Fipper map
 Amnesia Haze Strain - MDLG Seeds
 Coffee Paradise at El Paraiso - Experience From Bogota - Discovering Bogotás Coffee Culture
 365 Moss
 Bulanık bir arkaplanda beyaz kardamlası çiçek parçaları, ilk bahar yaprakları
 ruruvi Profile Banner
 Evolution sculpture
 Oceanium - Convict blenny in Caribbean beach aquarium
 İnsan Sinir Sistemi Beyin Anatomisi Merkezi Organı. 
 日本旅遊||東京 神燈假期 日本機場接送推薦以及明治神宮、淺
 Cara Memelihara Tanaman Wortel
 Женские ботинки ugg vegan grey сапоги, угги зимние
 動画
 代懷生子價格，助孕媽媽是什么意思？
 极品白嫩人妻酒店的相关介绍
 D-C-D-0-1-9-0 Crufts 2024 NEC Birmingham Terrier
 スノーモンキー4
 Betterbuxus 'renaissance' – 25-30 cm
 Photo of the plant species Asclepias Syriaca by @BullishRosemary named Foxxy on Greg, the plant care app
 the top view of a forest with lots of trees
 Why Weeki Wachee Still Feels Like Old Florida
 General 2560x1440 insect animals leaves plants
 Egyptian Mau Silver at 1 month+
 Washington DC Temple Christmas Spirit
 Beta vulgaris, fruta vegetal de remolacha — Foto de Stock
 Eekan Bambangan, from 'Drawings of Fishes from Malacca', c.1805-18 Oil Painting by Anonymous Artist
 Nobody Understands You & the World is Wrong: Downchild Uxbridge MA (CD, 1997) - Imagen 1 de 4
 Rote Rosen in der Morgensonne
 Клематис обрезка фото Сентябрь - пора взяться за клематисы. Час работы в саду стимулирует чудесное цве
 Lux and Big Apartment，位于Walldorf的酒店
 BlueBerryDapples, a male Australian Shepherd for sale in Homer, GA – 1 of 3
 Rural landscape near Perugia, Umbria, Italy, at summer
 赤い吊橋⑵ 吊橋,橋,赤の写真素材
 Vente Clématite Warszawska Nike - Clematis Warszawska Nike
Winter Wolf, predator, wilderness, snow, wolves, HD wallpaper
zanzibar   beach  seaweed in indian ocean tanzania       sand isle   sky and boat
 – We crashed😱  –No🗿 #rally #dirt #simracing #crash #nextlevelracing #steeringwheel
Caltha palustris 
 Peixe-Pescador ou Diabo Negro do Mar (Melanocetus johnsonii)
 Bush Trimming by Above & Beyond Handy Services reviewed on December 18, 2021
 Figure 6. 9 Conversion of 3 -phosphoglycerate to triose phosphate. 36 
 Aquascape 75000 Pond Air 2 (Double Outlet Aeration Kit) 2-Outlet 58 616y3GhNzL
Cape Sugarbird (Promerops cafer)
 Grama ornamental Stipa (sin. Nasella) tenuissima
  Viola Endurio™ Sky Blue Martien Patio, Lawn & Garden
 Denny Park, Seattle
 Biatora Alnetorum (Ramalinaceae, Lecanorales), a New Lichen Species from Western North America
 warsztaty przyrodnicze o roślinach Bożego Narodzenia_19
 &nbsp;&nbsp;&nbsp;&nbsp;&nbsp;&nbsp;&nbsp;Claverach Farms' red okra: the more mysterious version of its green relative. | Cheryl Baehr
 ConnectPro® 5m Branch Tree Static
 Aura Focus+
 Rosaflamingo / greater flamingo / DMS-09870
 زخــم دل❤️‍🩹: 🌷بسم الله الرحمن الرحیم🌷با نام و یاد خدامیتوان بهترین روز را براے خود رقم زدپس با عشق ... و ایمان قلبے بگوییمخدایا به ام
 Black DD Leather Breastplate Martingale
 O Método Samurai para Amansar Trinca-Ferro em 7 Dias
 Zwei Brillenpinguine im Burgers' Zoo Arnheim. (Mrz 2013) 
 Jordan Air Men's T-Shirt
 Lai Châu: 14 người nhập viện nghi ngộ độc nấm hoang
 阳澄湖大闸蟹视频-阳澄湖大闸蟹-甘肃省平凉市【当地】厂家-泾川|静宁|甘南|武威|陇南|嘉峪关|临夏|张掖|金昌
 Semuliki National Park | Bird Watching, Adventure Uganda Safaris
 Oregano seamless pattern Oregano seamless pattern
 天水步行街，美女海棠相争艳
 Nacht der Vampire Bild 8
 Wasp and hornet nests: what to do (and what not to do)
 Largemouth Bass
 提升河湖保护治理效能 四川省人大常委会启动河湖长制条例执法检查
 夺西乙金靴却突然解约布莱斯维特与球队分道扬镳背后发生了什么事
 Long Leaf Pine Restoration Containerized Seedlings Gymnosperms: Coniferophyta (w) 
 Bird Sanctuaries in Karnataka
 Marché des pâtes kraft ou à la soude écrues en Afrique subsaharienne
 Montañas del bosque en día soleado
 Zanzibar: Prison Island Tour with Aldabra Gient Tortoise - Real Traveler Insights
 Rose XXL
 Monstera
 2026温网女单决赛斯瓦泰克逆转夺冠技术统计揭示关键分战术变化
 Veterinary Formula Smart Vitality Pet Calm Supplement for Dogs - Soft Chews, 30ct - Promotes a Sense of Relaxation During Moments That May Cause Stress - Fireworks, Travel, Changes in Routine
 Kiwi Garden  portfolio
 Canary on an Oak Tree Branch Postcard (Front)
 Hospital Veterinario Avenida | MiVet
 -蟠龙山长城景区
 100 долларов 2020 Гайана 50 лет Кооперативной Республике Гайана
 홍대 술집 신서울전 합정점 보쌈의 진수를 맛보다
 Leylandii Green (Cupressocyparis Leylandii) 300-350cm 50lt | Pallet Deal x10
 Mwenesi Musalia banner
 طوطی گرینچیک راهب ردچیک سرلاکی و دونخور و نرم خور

====================

ACTIVITY> From the first line of the entries above to the line with "Cara Memelihara Tanaman Wortel", please return every line exactly, keeping both ends.

EXERCISE SOLUTION>
Fipper map
 Amnesia Haze Strain - MDLG Seeds
 Coffee Paradise at El Paraiso - Experience From Bogota - Discovering Bogotás Coffee Culture
 365 Moss
 Bulanık bir arkaplanda beyaz kardamlası çiçek parçaları, ilk bahar yaprakları
 ruruvi Profile Banner
 Evolution sculpture
 Oceanium - Convict blenny in Caribbean beach aquarium
 İnsan Sinir Sistemi Beyin Anatomisi Merkezi Organı. 
 日本旅遊||東京 神燈假期 日本機場接送推薦以及明治神宮、淺
 Cara Memelihara Tanaman Wortel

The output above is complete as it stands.